===== Available data

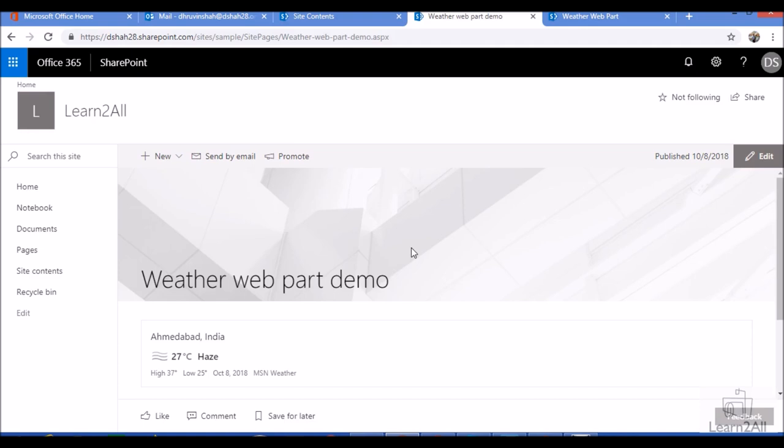Now this webpart has one limitation. Like when you are adding the webpart, you can only add single location in the webpart. It doesn't allow you to add multiple location with this webpart. So in order to show multiple weather location, you need to add multiple weather part. So this is something which is limitation of this webpart.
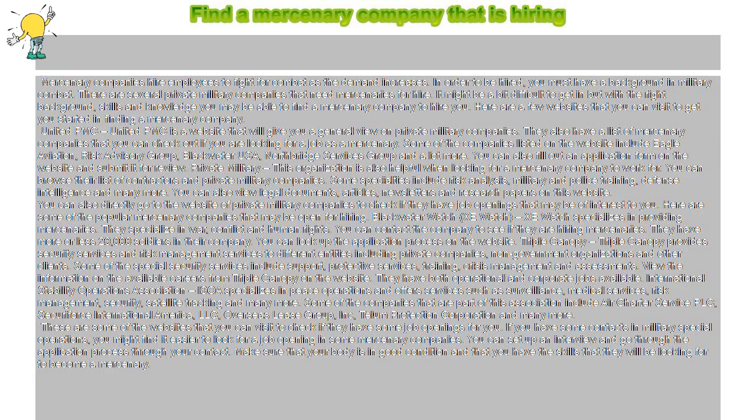Here are a few websites that you can visit to get you started in finding a mercenary company. United PMC is a website that will give you a general view on private military companies. They also have a list of mercenary companies that you can check out if you are looking for a job as a mercenary.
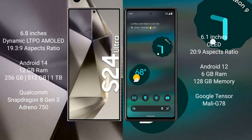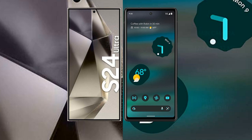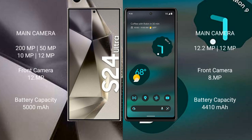The Samsung Galaxy S24 Ultra runs on the Android 14 operating system, while the Google Pixel 6A runs on Android 12. The Samsung Galaxy S24 Ultra comes with 12GB RAM and 256GB, 512GB, or 1TB internal storage, with a Snapdragon 8 Gen 3 processor and Adreno 750 GPU. The Google Pixel 6A comes with 6GB RAM and 128GB internal storage, with a Google Tensor processor and Mali G78 GPU.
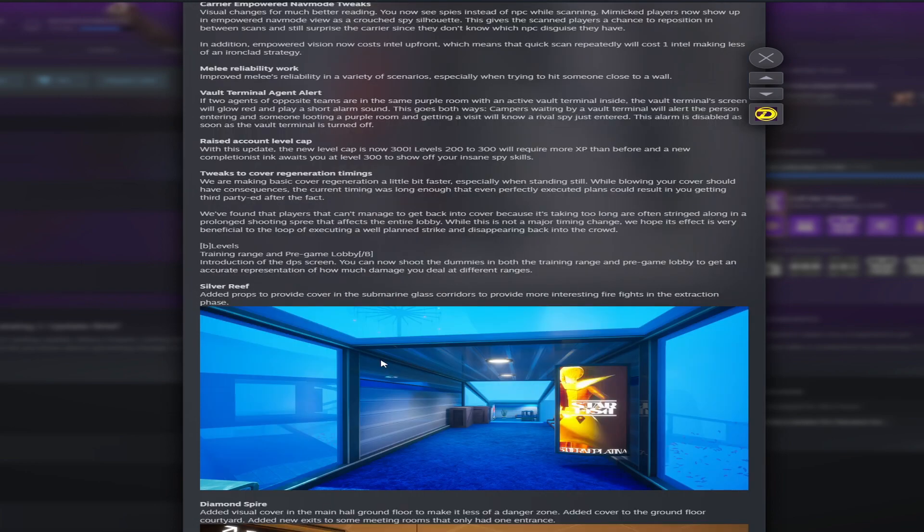Next we have the training range. We'll introduce the DPS screen. This will be super nice so you know how much damage you're doing. You get an idea of how many shots it will take rather than just reading spreadsheets. So that will be super nice.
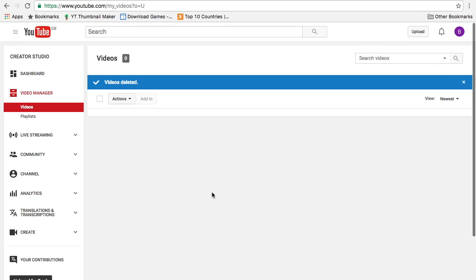So that's how to delete a YouTube video guys. Thank you for watching, please like, share and subscribe. Take care.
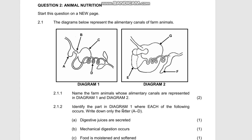Welcome. Today we'll be dealing with some typical animal nutrition questions. Let's get straight into it. We have question 2.1, starting with 2.1.1. We have two diagrams: diagram 1 and diagram 2.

==========

#### [Exercise directions]
Starting at the first line of the data, set down each line exactly until you have copied the line with "Next we have", but leave the pictures out.

#### [Answer below]
Now this webpart has one limitation. Like when you are adding the webpart, you can only add single location in the webpart. It doesn't allow you to add multiple location with this webpart. So in order to show multiple weather location, you need to add multiple weather part. So this is something which is limitation of this webpart.
Here are a few websites that you can visit to get you started in finding a mercenary company. United PMC is a website that will give you a general view on private military companies. They also have a list of mercenary companies that you can check out if you are looking for a job as a mercenary.
The Samsung Galaxy S24 Ultra runs on the Android 14 operating system, while the Google Pixel 6A runs on Android 12. The Samsung Galaxy S24 Ultra comes with 12GB RAM and 256GB, 512GB, or 1TB internal storage, with a Snapdragon 8 Gen 3 processor and Adreno 750 GPU. The Google Pixel 6A comes with 6GB RAM and 128GB internal storage, with a Google Tensor processor and Mali G78 GPU.
Next we have the training range. We'll introduce the DPS screen. This will be super nice so you know how much damage you're doing. You get an idea of how many shots it will take rather than just reading spreadsheets. So that will be super nice.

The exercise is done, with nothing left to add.